> [Prompt]:
Set down each entry exactly as given; pictures should not appear in the copy.

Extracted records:
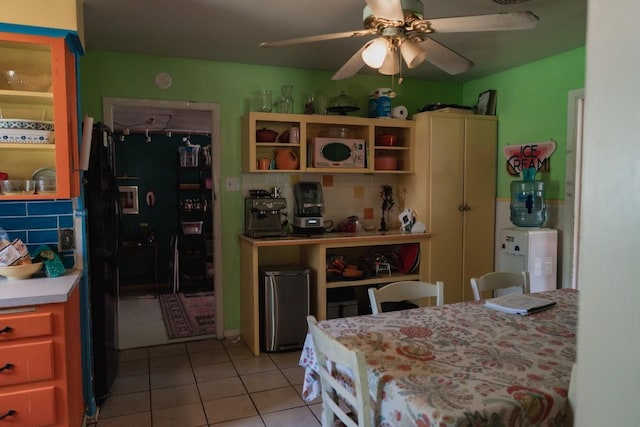 1305 Larkspur Rd, Austin, TX 78758 - dining room with light tile patterned flooring and ceiling fan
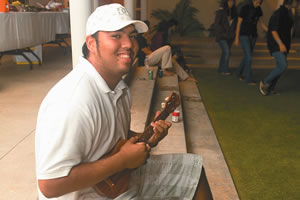 Marcus Gonzalez picks his ukulele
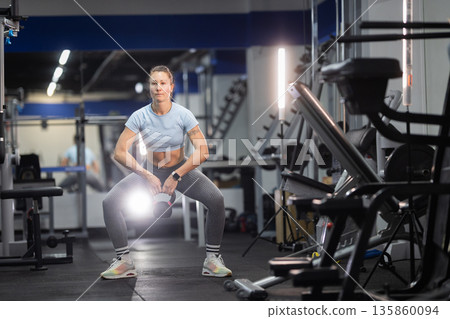 Woman training with kettlebell doing squats in gym Woman training with kettlebell doing squats in gym 135860094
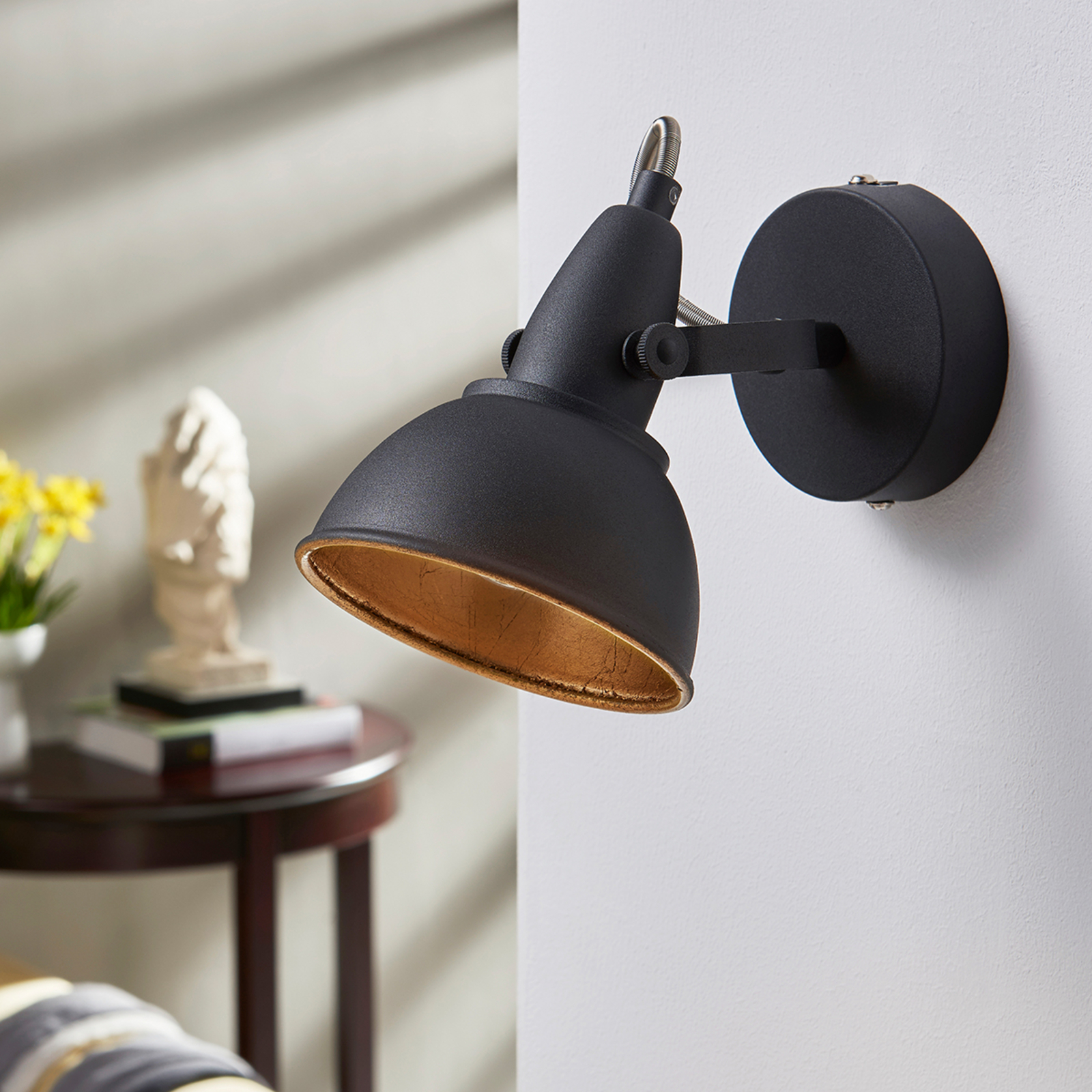 Black and gold wall light Julin Lights.co.uk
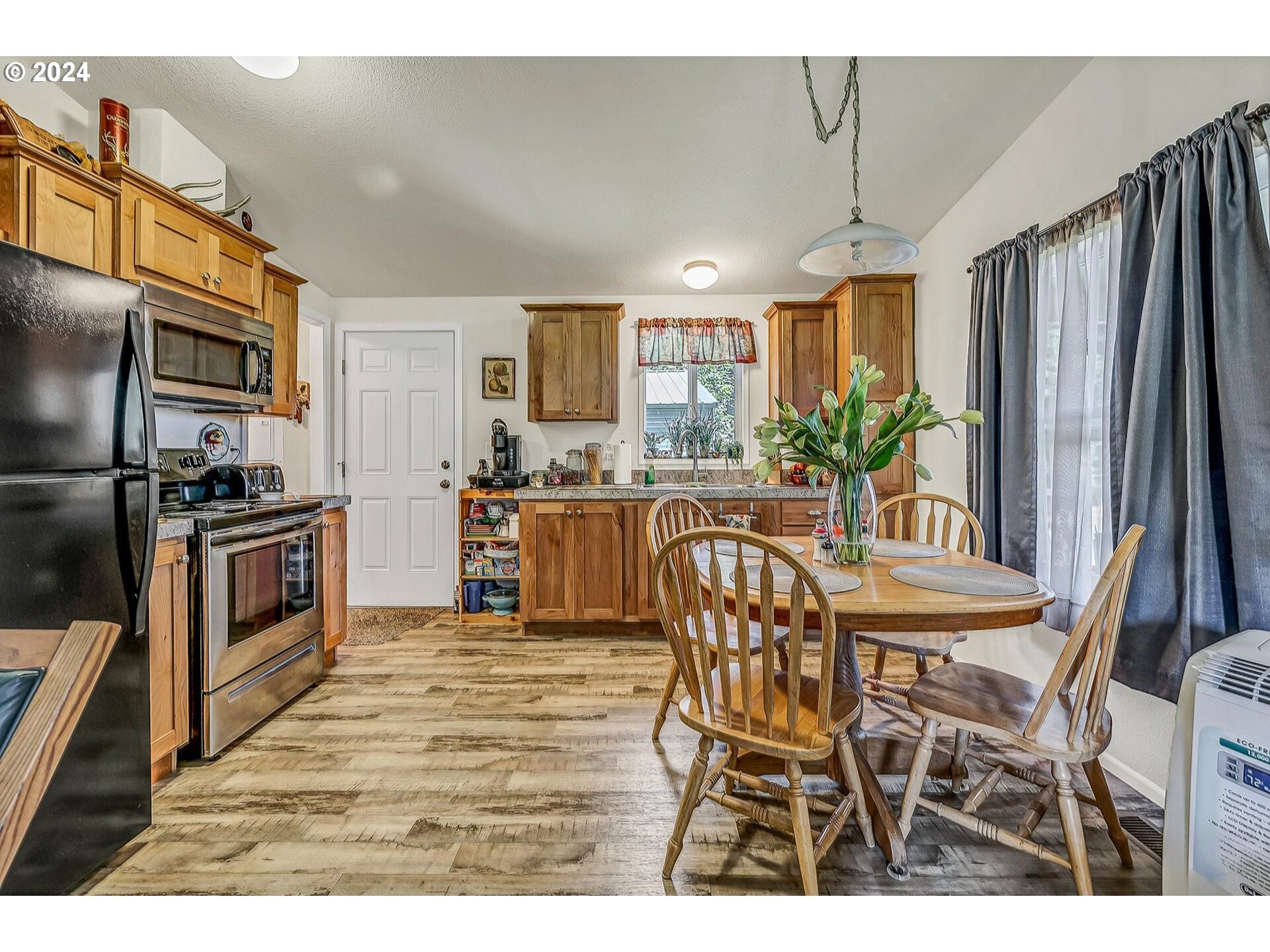 69911 Walker Road Rainier, OR 97048 - Photo 9 of 26 a kitchen with granite countertop a table chairs microwave and refrigerator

> [The completed task]:
 1305 Larkspur Rd, Austin, TX 78758 - dining room with light tile patterned flooring and ceiling fan
 Marcus Gonzalez picks his ukulele
 Woman training with kettlebell doing squats in gym Woman training with kettlebell doing squats in gym 135860094
 Black and gold wall light Julin Lights.co.uk
 69911 Walker Road Rainier, OR 97048 - Photo 9 of 26 a kitchen with granite countertop a table chairs microwave and refrigerator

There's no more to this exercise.